Four protesters have received six-month prison sentences after demonstrating in November against a gold mining company in Mandalay Division, central Burma, according to reports from their family members.
Ye Yint Htun, Saw Naung, Naing Win and Nay Aung Htet, all from the Moehti Moemi gold mining region of Yamethin Township, were arrested while traveling home from Rangoon on Nov. 23 and received their verdicts on Thursday from the township court.
“They received six-month sentences for incitement under 505 [b] of the Burma Penal Code,” said Myint Than, the father of Nay Aung Htet.
Section 505 [b] makes it a crime to act “with intent to cause, or in a manner that is likely to cause, fear or alarm to the public or any section of the public, whereby any person may be induced to commit an offence against the State or against public tranquility.”
Myint Than said the protesters were also fined 10,000 kyat (US $11) under Section 18 of the Peaceful Assembly Act, which requires people to obtain permission from the government for demonstrations.
Family members told The Irrawaddy on Thursday that the sentencing was unfair because the protesters had not committed any crime against the state, other than demanding their rights.
Small gold-miners began protests in June last year after they were forced to leave their work site by the Myanmar National Prosperity Public Company (MNPPC), which had verbally agreed earlier to let them work in the area.

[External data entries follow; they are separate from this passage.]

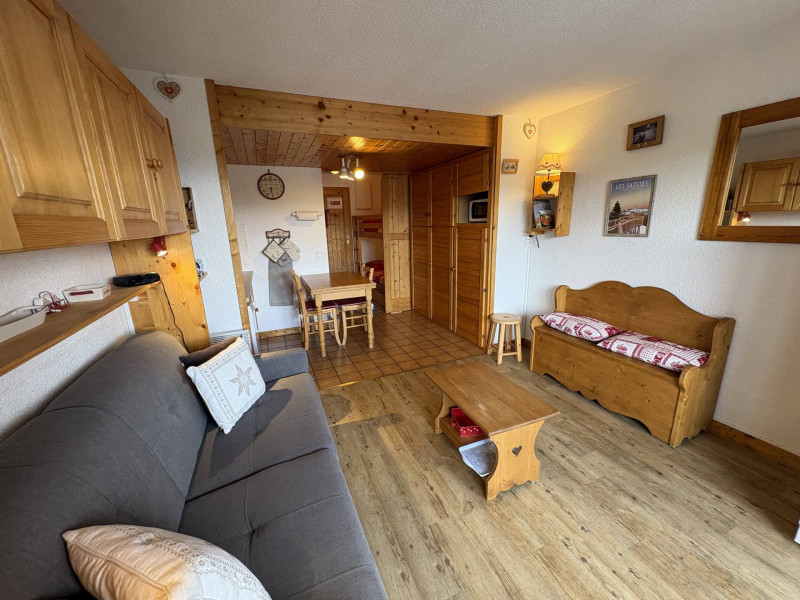 _lv_images__lot_0100000114_09_23589033 _lv_images__lot_0100000114_09_23589033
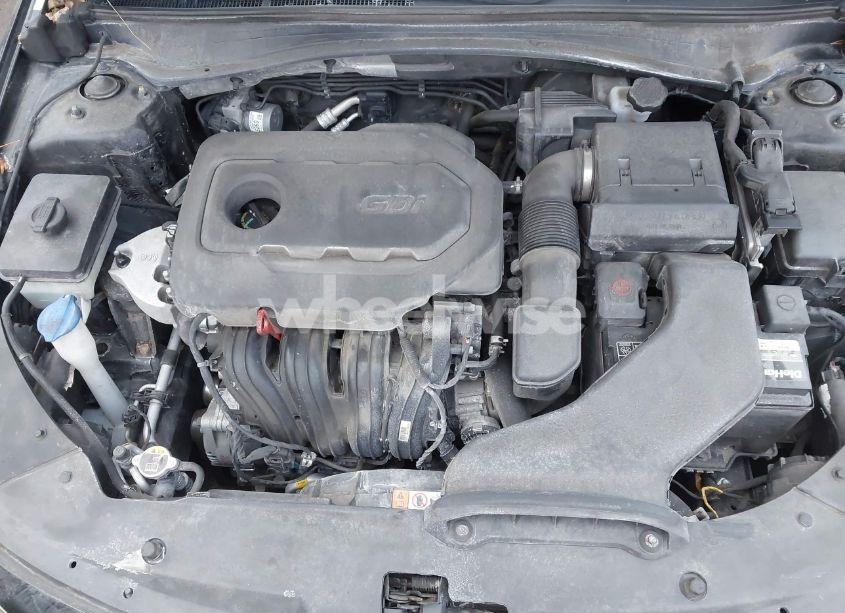 Photo 10 of 2019 Kia Optima LX (VIN 5XXGT4L3XKG305011)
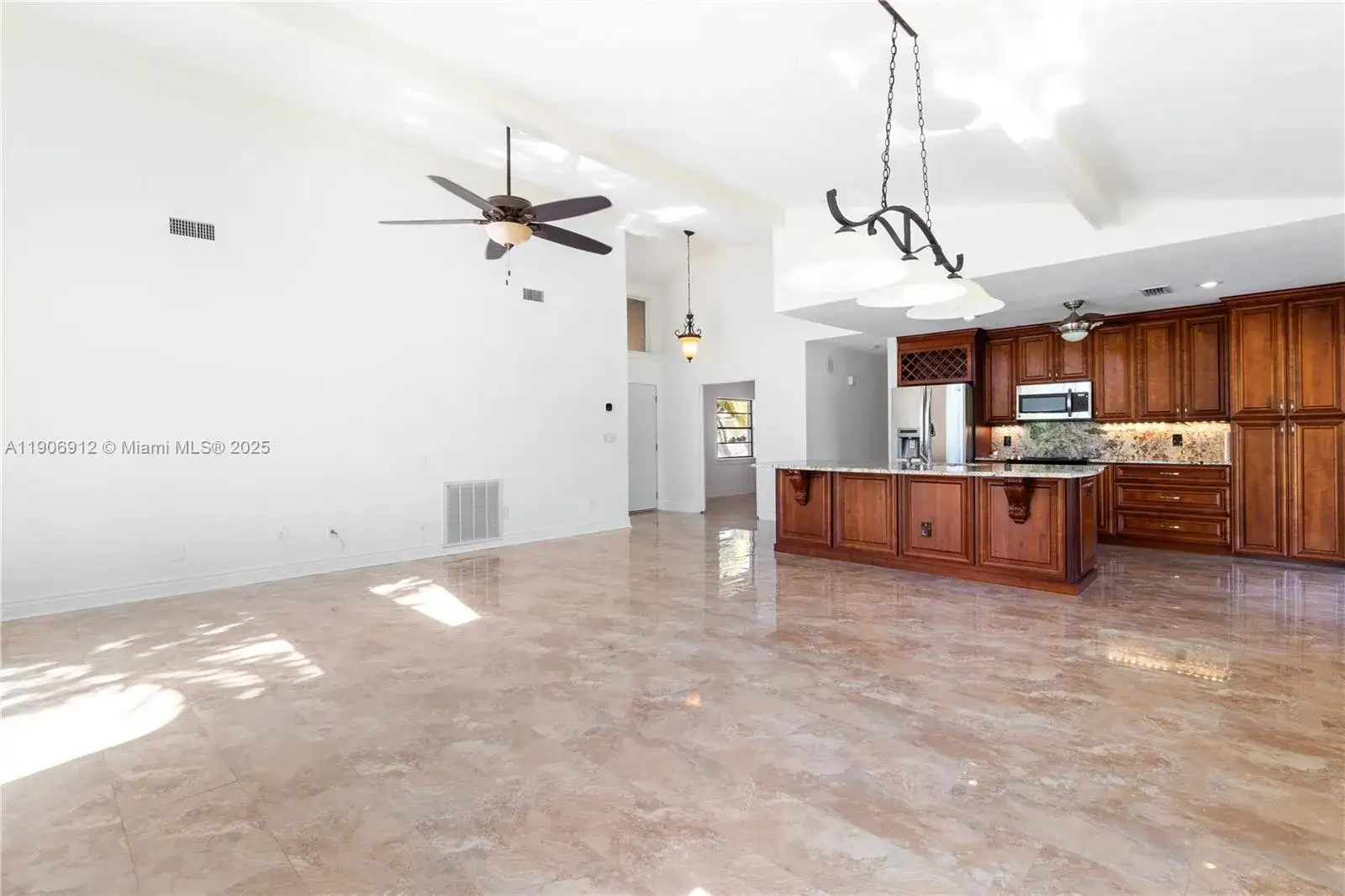 21344 S Escondido Way S, Boca Raton FL 33433 photo 4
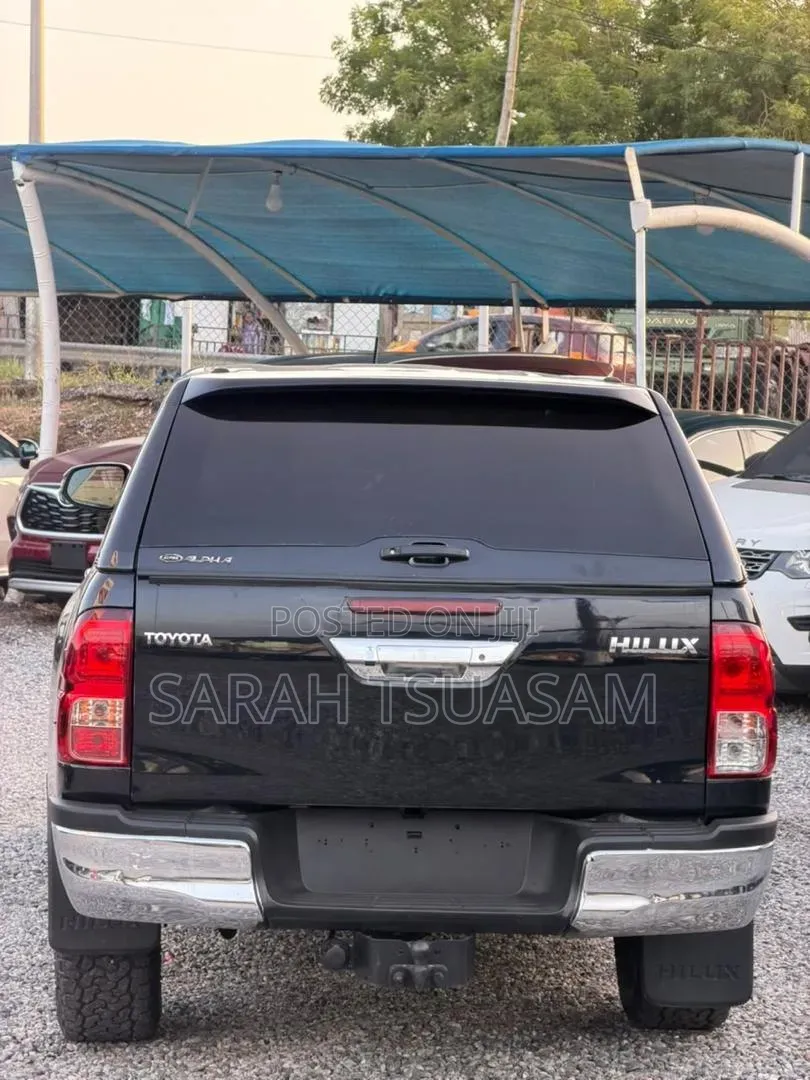 Toyota Hilux 2018 Black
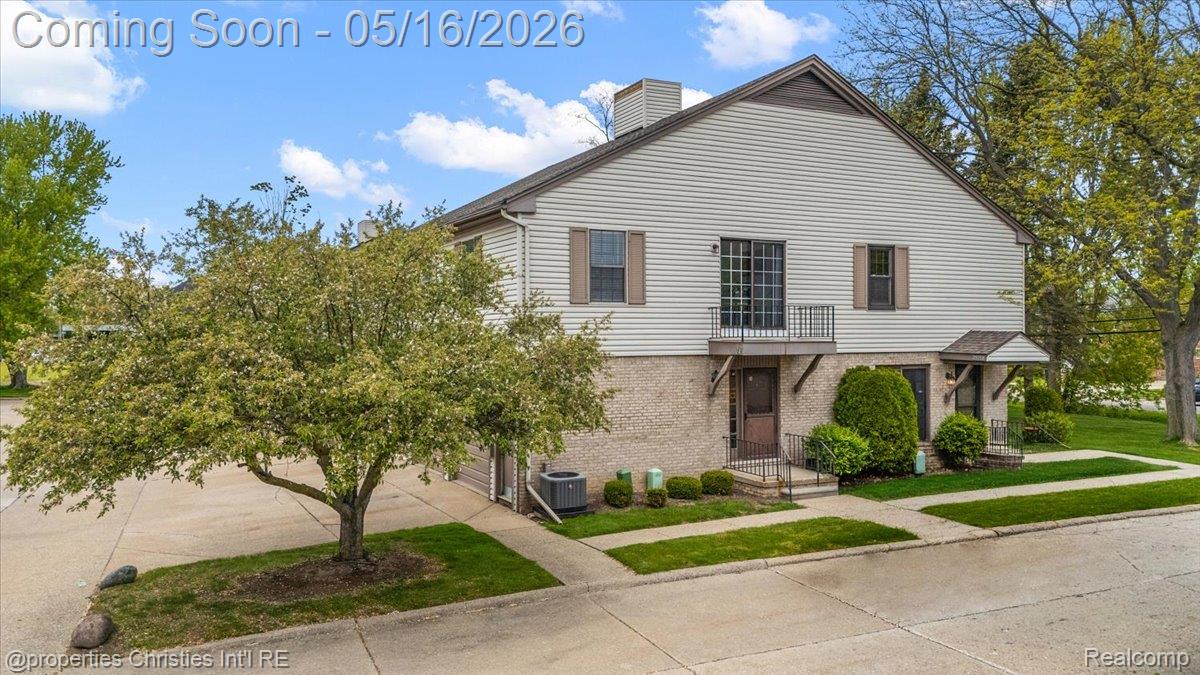 35164 N Bay Circle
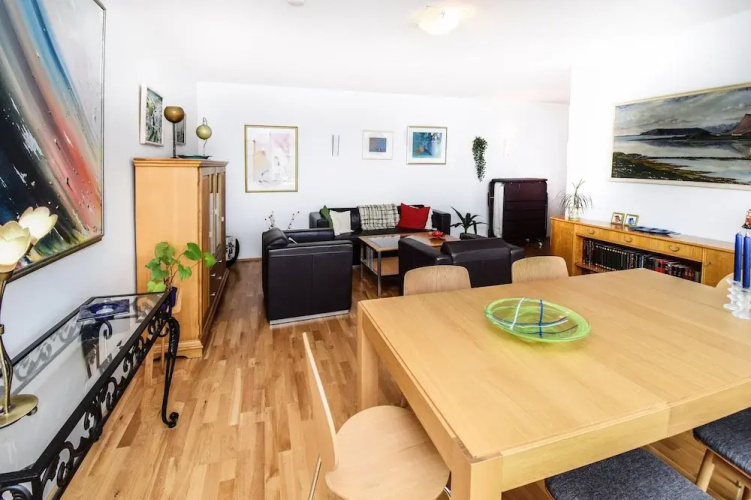 Apartment S23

Myint Than said the four protesters were found guilty despite a lack of strong evidence.
“They shouldn’t be punished because they were just peacefully demonstrating on their way home,” he said.
Sandar Min, a national lawmaker working as a negotiator between the protesters and the gold mining company, said this was the first time since the nominally civilian government came to power two years ago that protesters have been sent to prison for violating Section 505 [b].
She said the lawsuit was not filed by MNPPC, but by the administrator in Yay Tar Shay Township, where the protesters were arrested in November.
“I think the Yay Tar Shay administrator used his power to put them in prison,” said Sandar Min, saying the protesters had not violated 505 [b].
Also on Thursday, the small-scale gold miners from Moehti Moemi held a press conference in Rangoon, saying they had reached an agreement with MNPPC.
Sandar Min said the protests would stop and MNPPC would pay the head of each gold pit 1.5 million kyat in compensation.
She said the small-scale miners would form a company to work on their own, excavating gold in a location next to the MNPPC’s 6,205 acres.
Several leading protesters from other demonstrations, including those who opposed a brutal government crackdown on monks at the Letpadaung copper mine in northwest Burma, are also facing charges under the Peaceful Assembly Act and Section 505 [b] of the Penal Code for protesting without permission.